The Newstalk presenter, who switched from RTE last year, now has 134,000 listeners to his morning chat show up from the 114,000 he had when the last Joint National Listenership Research (JNLR) survey results were published in May.

Even though Newstalk's “Move the Dial” campaign seems to have paid off, the latest figures show Kenny's rival Sean O'Rourke still has the most listeners in the weekday mid-morning talk show slot, with 307,000 listeners, despite a drop of 4,000 over the last quarter.

And while Newstalk attracted 43,000 new listeners to its top six shows over the summer, RTE Radio One's “Morning Ireland” programme is the most popular show in the country with 438,000 weekday listeners despite a decline of 6,000 over the summer.

But for the first time in recent memory, listeners turned away from the State broadcaster in their droves.

While RTE still has the highest listenership figures of any national broadcaster, it did not register any gains in any of its top programmes in the last three months.

The survey found that while the national radio stations were listened to by 57pc of listeners in the greater Dublin market, local and regional radio is the most listened to outside the capital.

The highest percentage of regional listeners was in the north west at 62.2 pc followed by Cork at 60.5pc and the south west at 58.5pc.

Local and regional stations were also the most popular for the 15-34 year old market, holding 66.8pc of listeners.

“Local radio continues to be a strong performer in the individual radio markets across the country – in many areas reaching more than 40pc of

the local adult population daily. In particular, on the criterion of share of minutes listened during prime 7am to 7pm, Highland Radio, MWR and

Radio Kerry hold the majority share position in their franchise areas,” according to the survey.

RTE One's “The Business” show did not live up to its name, losing 21,000 listeners from 319,000 in May to 298,000 while veteran broadcaster Marian Finucane lost a total of 27,000 on both her Saturday (-13,000) and Sunday (-14,000) current affairs programmes.

Even perennial favourite Miriam O'Callaghan did not fare well in the latest ratings, losing 15,000 listeners since May when 262,000 tuned in to her Saturday morning show ‘Miriam Meets’.

‘Late Late Show’ host Ryan Tubridy also lost 4,000 listeners on his 2fm show which has continued to bleed listeners after he took over the reins from the late Gerry Ryan following the veteran DJ's death in April 2010.

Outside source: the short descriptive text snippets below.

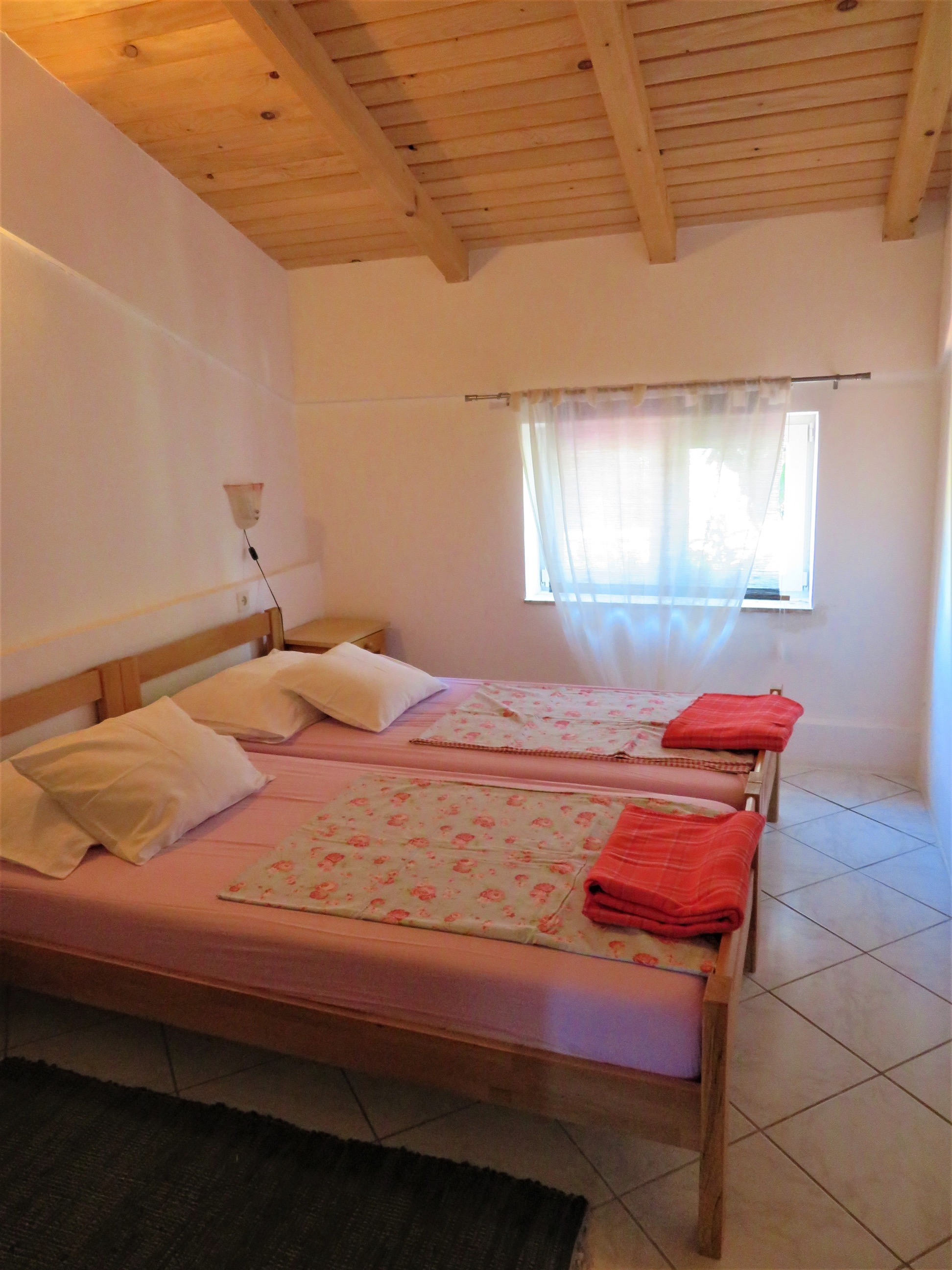 Comfortable and spacious house near beach Ždrelac, Pašman  K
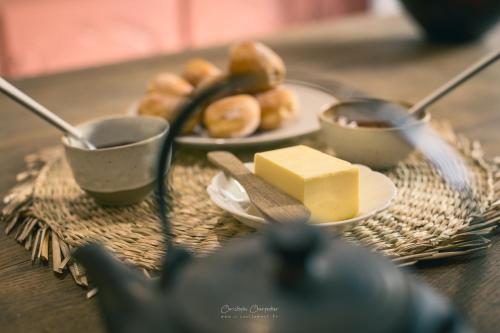 Mad på pensionatet eller i nærheden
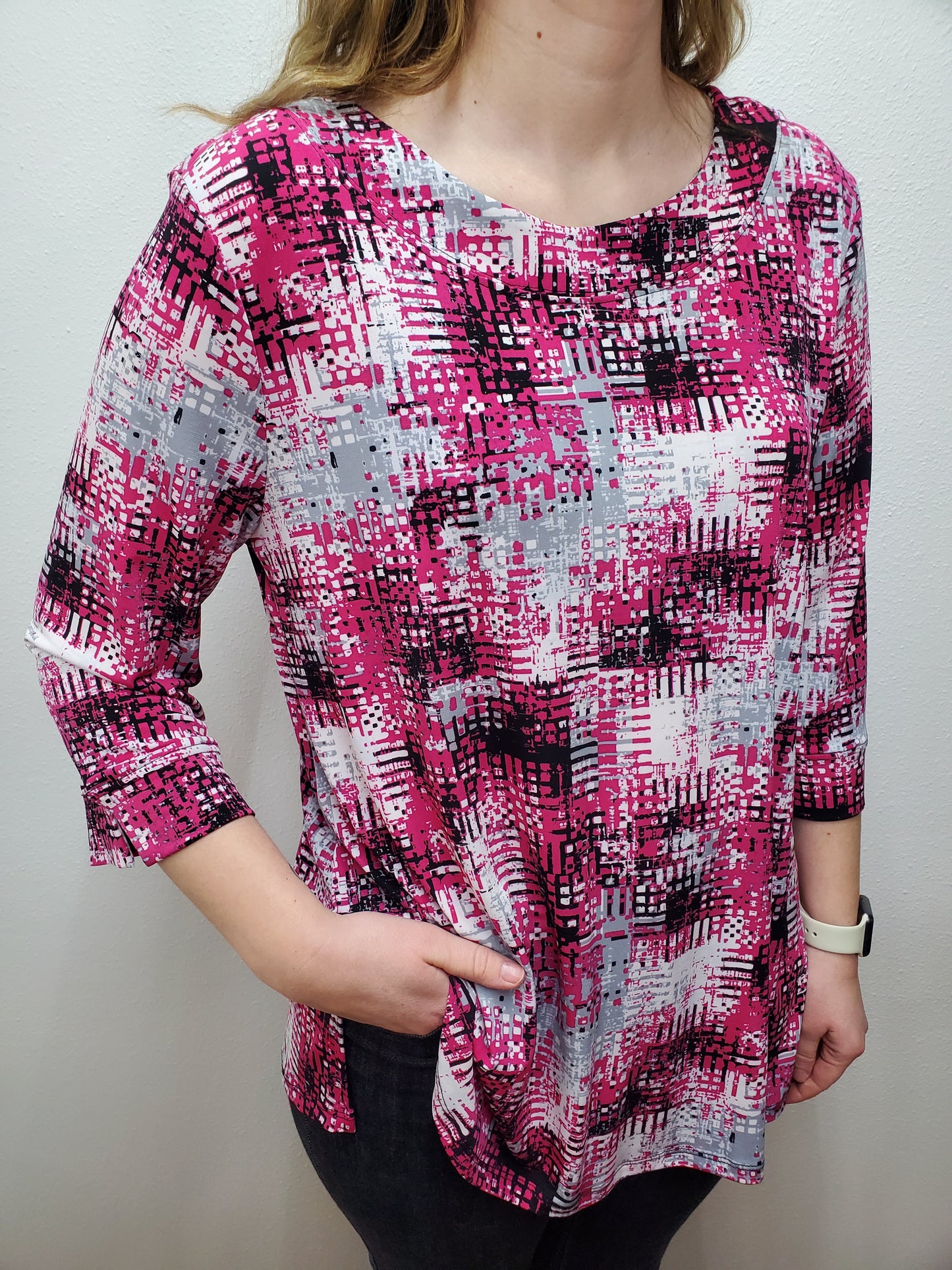 CARRIED AWAY GEO PRINT TOP - PINK/BLACK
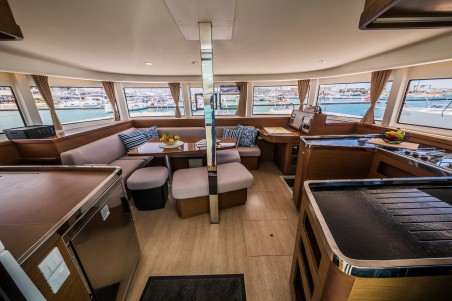 Lagoon-Bénéteau Lagoon 42 - 4 + 2 cab. Edita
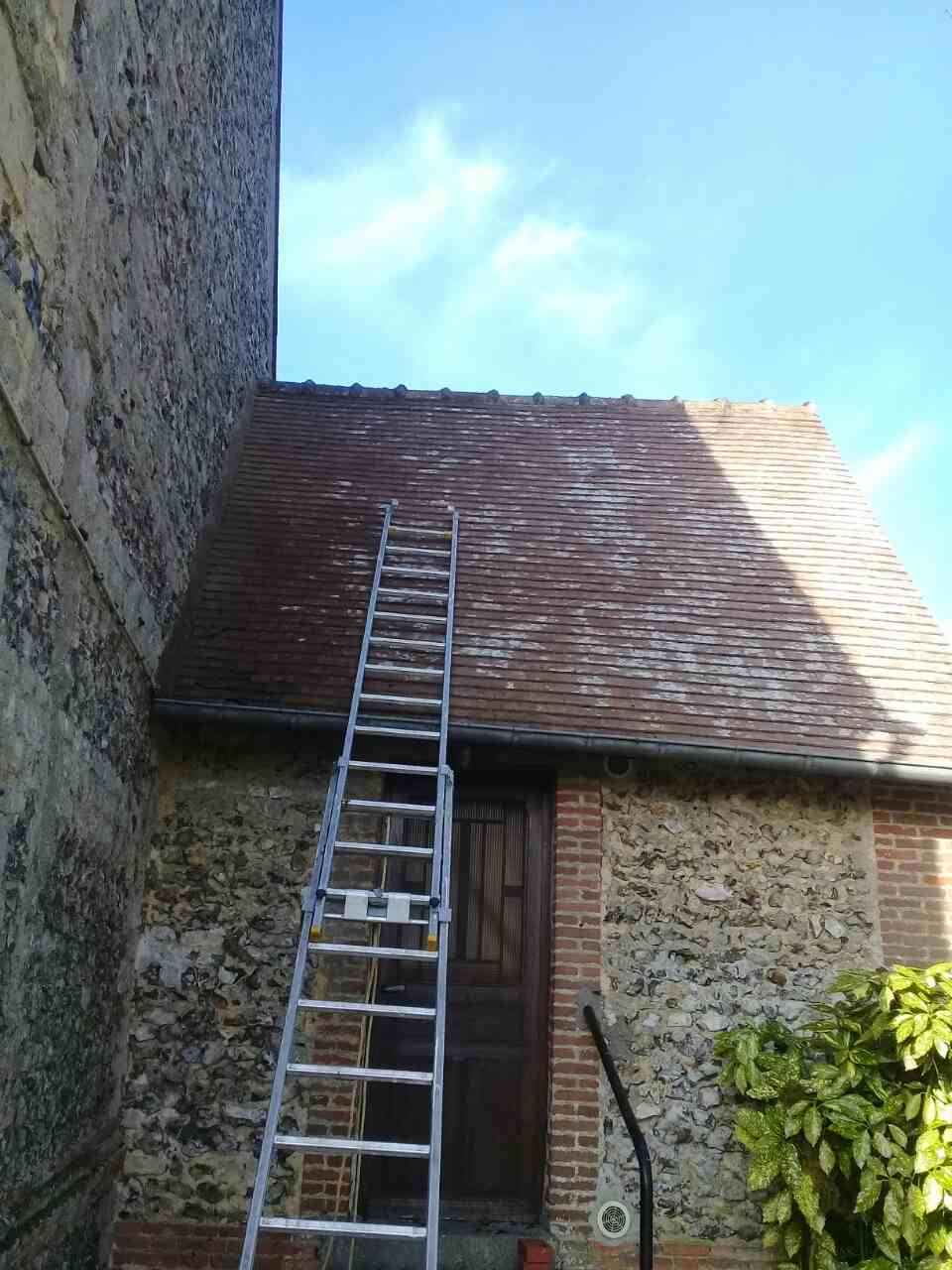 Restauration de volets sur un château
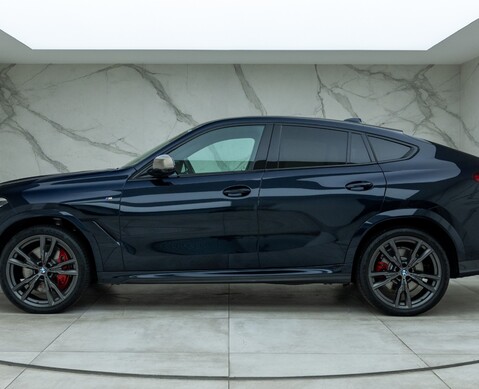 BMW X6 M50i 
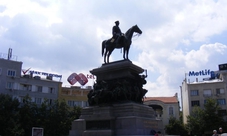 Guided walking tour in Sofia - breakfast with Sofia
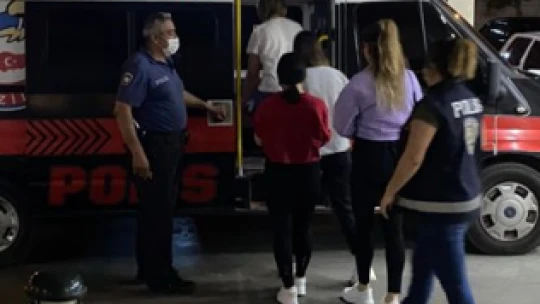 Nazilli'de masaj salonuna şok baskın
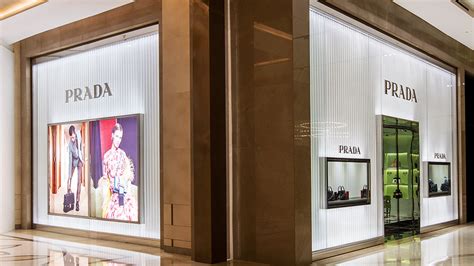 url：www.pradamanila.com|Prada opens second store in Manila .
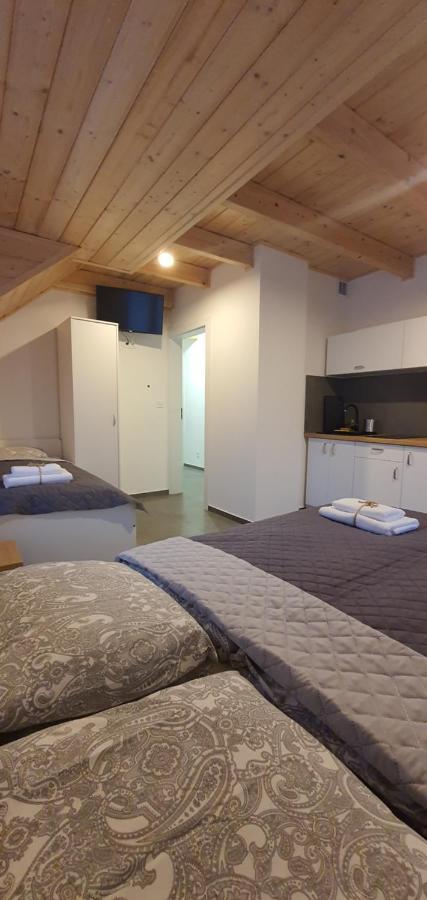 Dom Pod Groniem Hotel Rzyki Luaran gambar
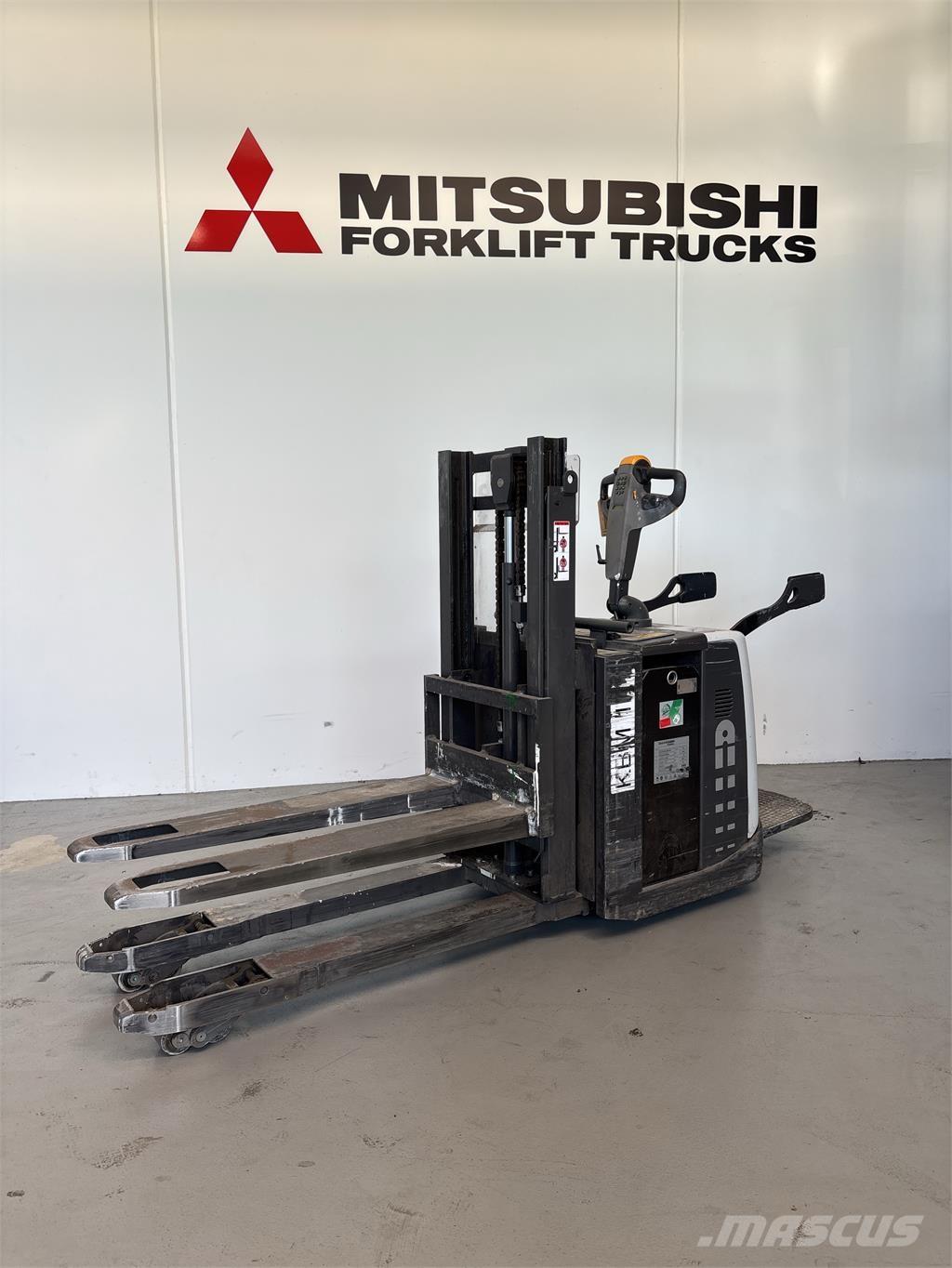 UniCarriers PDP200 Selvkørende stablere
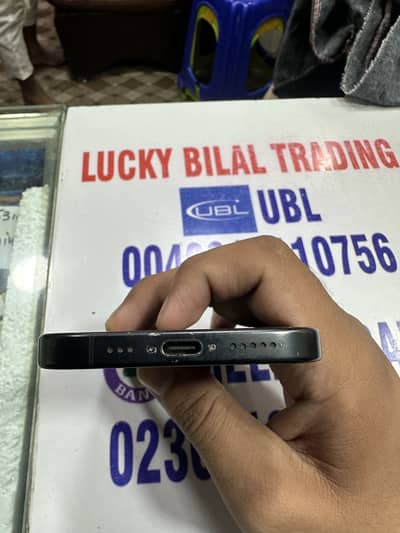 Apple iPhone 16 Pro
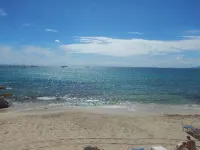 3 min from the beach! Lovely single-storey Ixora rental with terrace and balcony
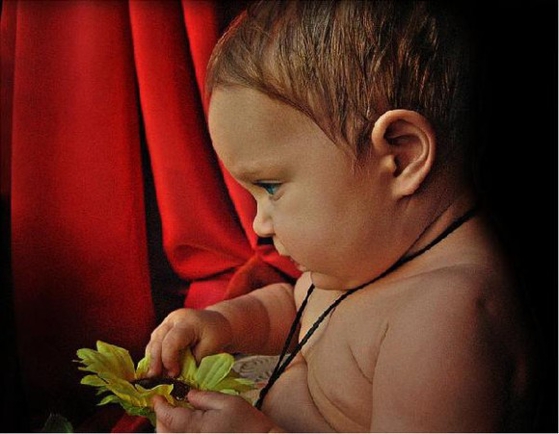 Дети - это цветы жизни, согласны? :)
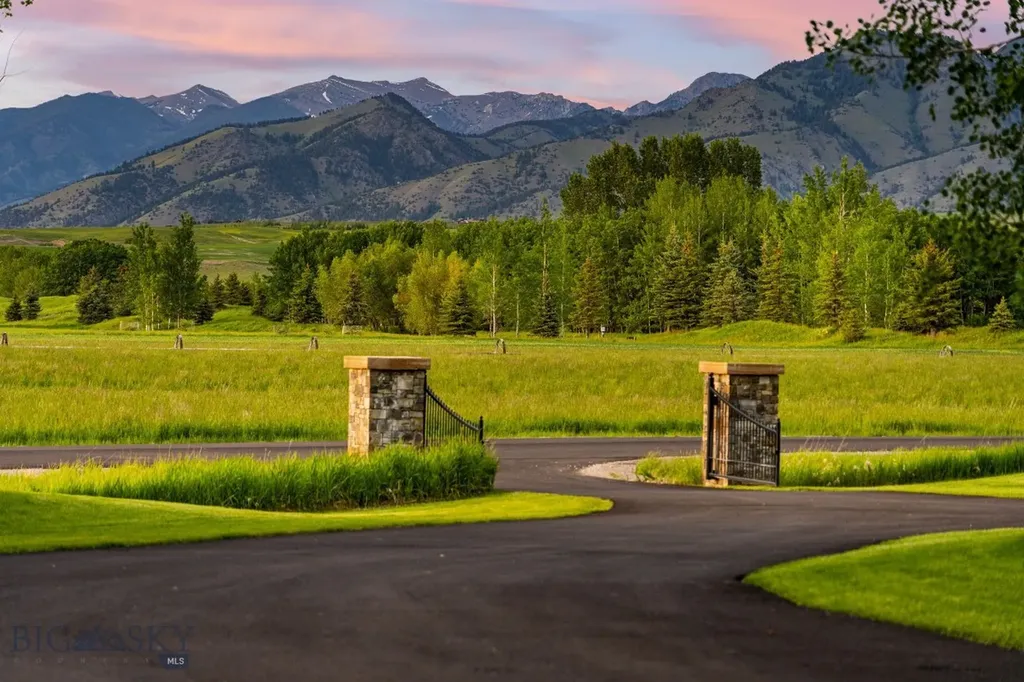 100 Farm View Lane Bozeman MT 59715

Former Westlife singer Nicky Byrne - who filled in for Tubridy on his show in May, 2013 - and now hosts his own weekday morning slot on 2fm has surpassed Tubridy with 145,000 listeners - even though he also lost 6,000 listeners.

An RTE spokeswoman said they knew the 2fm ratings would be down during this survey period, which runs from the end of June 2013 to the end of June 2014, because a number of schedule changes were introduced during that time.

As for the decline in all of the RTE Radio One figures, she said “they’re slightly down but the numbers are still huge.”

Rival TodayFm, however, fared well in the ratings, gaining 7,000 listeners to the Ian Dempsey breakfast show and 5,000 new listeners to Ray D'Arcy's mid-morning show.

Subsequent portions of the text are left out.